It is virtually impossible to reproduce the complex timbre of music in exactly the way it was created in the recording studio. Every loudspeaker is a unique instrument of reproduction that is inherently incapable of reproducing every part of the sound spectrum with equal intensity. In multiple speaker systems, things are even more complex because different drivers interact with each other.

Equalizers offer the capability of both compensating for defects and fine tuning the system. With an equalizer, certain frequency ranges can be either increased or cut, to shape the overall sound spectrum to compensate for defects in the original soundscape, or to bring out certain instruments, or simply as an expression of the listener's preference. While the accuracy of high fidelity remains the goal, many listeners strive for more accurate reproduction, and then add bass for a fuller, more "dynamic" sound.

Electronically, the equalizer is situated on the line feed between the receiver and the amplifier. Because it modifies low level high impedance signals only, it is less vulnerable to electrical overloads than the amplifier, and is overall less likely than either the receiver, or the amp to create problems. Of course, as with any piece of electronic circuitry, a fault may develop; it's just less likely.

The number of bands in an equalizer control how finely the frequency pattern can be amplified or attenuated. Three to 30 bands or more, can be provided by available equipment.
A typical 10 band equalizer configures the available audio range into 10 parts and the levels of any one of them can be adjusted discreetly according to the Q of the design.

The Q of an equalizer describes how wide a range each adjustment has. If a specific band is labeled as 100 Hz. a high Q equalizer will only boost or cut frequencies right around 100 Hz and not really affect signals at 80 Hz. A low Q equalizer generally affects a wide range of frequencies even though it may be centered at one specific one. Typically, the more bands in the EQ, the higher the Q, so the different bands are not affected by each other. Simple bass and treble controls have the lowest Q. Equalizers with only few bands are good for making general adjustments but not helpful for the finer gradients.

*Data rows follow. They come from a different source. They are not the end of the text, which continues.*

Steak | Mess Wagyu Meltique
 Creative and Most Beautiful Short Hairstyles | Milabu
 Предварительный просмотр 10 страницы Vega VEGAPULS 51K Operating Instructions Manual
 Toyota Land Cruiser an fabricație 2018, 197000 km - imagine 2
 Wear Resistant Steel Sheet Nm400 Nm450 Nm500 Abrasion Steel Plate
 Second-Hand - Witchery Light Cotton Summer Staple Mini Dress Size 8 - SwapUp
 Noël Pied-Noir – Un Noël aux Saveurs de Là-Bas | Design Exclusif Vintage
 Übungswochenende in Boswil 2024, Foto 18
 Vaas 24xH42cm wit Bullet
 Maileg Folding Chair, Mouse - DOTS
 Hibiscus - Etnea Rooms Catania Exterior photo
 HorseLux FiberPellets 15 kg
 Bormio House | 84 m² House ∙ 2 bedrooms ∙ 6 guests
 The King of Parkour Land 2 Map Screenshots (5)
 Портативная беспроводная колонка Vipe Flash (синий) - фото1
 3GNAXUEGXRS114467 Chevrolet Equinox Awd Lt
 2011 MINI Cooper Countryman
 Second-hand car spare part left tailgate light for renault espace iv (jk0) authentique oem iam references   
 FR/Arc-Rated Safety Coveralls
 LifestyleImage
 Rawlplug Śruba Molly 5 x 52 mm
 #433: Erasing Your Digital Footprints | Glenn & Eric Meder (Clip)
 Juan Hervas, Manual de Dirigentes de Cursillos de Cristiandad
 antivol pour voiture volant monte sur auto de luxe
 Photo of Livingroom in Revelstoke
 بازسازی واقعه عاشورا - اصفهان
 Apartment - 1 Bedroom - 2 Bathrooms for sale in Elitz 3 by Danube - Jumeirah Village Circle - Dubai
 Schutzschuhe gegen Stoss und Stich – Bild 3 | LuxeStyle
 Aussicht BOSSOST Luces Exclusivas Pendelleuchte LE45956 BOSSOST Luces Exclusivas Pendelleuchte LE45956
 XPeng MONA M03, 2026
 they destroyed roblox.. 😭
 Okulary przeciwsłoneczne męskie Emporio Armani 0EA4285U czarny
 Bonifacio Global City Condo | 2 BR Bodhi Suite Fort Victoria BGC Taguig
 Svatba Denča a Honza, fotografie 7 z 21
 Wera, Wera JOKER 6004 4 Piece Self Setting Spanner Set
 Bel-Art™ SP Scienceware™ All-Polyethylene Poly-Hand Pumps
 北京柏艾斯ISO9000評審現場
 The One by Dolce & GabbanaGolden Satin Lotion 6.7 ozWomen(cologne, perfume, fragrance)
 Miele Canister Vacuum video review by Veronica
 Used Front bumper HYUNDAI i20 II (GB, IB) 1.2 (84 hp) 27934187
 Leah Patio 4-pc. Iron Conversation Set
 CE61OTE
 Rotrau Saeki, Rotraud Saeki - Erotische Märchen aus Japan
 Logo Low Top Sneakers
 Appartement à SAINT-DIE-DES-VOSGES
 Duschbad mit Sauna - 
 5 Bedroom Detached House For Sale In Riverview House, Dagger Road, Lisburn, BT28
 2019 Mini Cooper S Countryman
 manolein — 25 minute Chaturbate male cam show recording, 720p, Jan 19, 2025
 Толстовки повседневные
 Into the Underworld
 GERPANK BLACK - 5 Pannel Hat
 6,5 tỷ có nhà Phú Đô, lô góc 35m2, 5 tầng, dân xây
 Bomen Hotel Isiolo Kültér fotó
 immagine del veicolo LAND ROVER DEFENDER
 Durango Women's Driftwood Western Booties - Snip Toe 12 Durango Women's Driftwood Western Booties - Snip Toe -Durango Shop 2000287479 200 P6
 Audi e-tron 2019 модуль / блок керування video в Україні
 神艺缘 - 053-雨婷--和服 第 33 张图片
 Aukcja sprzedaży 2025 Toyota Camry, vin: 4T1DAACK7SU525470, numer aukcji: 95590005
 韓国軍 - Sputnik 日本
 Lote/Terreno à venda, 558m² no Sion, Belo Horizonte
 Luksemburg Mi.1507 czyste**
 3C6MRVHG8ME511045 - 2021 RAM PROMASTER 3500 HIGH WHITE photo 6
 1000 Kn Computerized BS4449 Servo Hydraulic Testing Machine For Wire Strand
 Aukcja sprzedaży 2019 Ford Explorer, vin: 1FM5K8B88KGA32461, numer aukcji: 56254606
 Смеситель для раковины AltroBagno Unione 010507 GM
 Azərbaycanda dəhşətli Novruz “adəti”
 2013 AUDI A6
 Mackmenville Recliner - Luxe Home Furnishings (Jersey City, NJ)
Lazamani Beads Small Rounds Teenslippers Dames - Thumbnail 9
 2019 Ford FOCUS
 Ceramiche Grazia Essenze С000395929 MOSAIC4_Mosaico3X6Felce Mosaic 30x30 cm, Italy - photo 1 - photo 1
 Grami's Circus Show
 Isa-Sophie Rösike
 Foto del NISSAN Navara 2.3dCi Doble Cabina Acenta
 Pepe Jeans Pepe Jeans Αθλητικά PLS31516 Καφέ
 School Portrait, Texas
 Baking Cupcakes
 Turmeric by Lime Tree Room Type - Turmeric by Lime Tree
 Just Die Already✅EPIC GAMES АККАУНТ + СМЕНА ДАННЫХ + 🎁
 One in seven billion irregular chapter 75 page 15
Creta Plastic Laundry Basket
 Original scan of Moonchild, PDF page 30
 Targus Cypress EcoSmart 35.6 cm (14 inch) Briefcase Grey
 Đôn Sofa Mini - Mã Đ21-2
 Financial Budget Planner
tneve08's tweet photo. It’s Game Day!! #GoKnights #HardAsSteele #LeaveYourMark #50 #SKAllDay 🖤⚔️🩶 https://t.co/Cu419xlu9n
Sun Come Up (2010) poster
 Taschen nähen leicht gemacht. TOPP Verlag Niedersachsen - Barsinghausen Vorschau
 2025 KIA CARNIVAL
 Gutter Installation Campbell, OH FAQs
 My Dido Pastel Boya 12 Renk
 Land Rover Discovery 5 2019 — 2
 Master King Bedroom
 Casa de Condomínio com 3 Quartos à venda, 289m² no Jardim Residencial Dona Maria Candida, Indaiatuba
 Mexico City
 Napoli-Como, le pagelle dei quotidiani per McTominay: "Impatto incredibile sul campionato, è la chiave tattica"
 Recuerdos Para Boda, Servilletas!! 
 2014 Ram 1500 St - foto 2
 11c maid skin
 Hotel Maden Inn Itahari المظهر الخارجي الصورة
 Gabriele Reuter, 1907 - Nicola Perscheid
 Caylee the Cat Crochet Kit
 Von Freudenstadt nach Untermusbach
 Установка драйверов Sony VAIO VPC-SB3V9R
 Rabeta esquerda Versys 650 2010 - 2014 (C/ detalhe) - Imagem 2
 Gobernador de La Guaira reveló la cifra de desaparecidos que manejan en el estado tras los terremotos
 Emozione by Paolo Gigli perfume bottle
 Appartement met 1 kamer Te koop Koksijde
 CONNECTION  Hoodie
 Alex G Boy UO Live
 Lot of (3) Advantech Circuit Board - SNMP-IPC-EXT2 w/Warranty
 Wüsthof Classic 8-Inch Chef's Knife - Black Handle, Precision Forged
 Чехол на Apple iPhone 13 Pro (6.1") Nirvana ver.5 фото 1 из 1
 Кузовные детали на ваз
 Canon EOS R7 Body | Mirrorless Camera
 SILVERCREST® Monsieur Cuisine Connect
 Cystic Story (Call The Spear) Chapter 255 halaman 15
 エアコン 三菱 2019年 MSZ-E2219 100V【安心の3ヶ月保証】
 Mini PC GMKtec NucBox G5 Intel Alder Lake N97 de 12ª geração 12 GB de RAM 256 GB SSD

Another key distinction is the degree of effect, rated in decibels, that each adjustment either boosts or cuts the center frequency it controls. A typical value is probably 10 dB, with many choices available in the 8 to 15 dB range. This means that each control will minimize or maximize the relative level of its frequency by +10 dB, or - 10 dB from the center, which is the unmodified position. Keep in mind of course, that this is a relative value. If all the controls are raised or lowered at the same time, and by the same amount, then all we have is just a large and expensive volume control.

A 30 band equalizer is great for making precise, adjust-ments. A real time analyzer (RTA) oscilloscope is used in calibrating the effect of these equalizers. The RTA produces a flat pink noise signal and shows the technician how the system responds in acoustical effect. The equalizer is adjusted until the RTA verifies the desired response. This desired response is rarely linear because most listeners prefer a more dynamic pattern, with more bass emphasis. If you must have a 30 band equalizer, then having a high degree of technical knowledge is essential to getting the most out of it.

An equalizer's capabilities are especially useful when dealing with poorly recorded, non-linear analog recordings, or if the "mix" selected by the original recording engineer does not quite suit your taste. But with most modern digital, full range, linear, recordings, the sonic limitations of the analog era, no longer mandate the use of an equalizer to acheive a high fidelity result. Many people find that as a general practice, equalizers can be left out of the system with not too much loss of control. The simple bass and treble tone controls on most receivers provide all the shaping capabilities needed most of the time.

However, many vehicles have a natural resonance frequency between 100 and 200 HZ, and road noise occurs between 25 and 200 Hz. So even an otherwise perfectly balanced system may get competition at these resonant frequencies, exaggerating them in a way that can muddy sound and mask other frequencies. If this is a noticeable problem, a graphic EQ, can be used to overcome this interference by adjusting the affected bands to compensate.